Potluck Dinner Guidelines

In preparing for the potluck dinner, please use the guidelines outlined below, or the Dietary Guidelines as posted by the Weston A. Price Foundation.  You may contribute whatever course you like.  On Ethnic Nights (see schedule), please bring a dish to represent the culinary culture of the evening.  Feel free to modify any recipe to comply with the guidelines below.  We also highly recommend contributing dishes made from recipes out of Nourishing Traditions by Sally FallonInternal Bliss by Dr. Natasha Campbell McBride, Tender Grassfed Meat by Stanley Fishman, and Wild Fermentation by Sandor Ellix Katz.

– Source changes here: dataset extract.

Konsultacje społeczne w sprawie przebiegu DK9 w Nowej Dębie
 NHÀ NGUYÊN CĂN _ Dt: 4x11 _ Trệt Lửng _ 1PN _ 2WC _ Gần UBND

Produce – GMO-free & pesticide-free or organic/beyond organic or biodynamic
Grains, nuts, seeds & beans – GMO-free, sprouted (soy: fermented!)
Meat & poultry – GMO-free, wild or pastured, either uncured or naturally cured
Organ Meats – GMO-free, wild or pastured, either uncured or naturally cured
Fish – wild caught
Dairy – GMO-free, raw, pastured
Fermented/Cultured Foods – any of the above!

Fats for Cooking
Organic tropical oils (Coconut, Palm)
Fats from pastured animals (beef tallow, lard, duck fat, chicken fat)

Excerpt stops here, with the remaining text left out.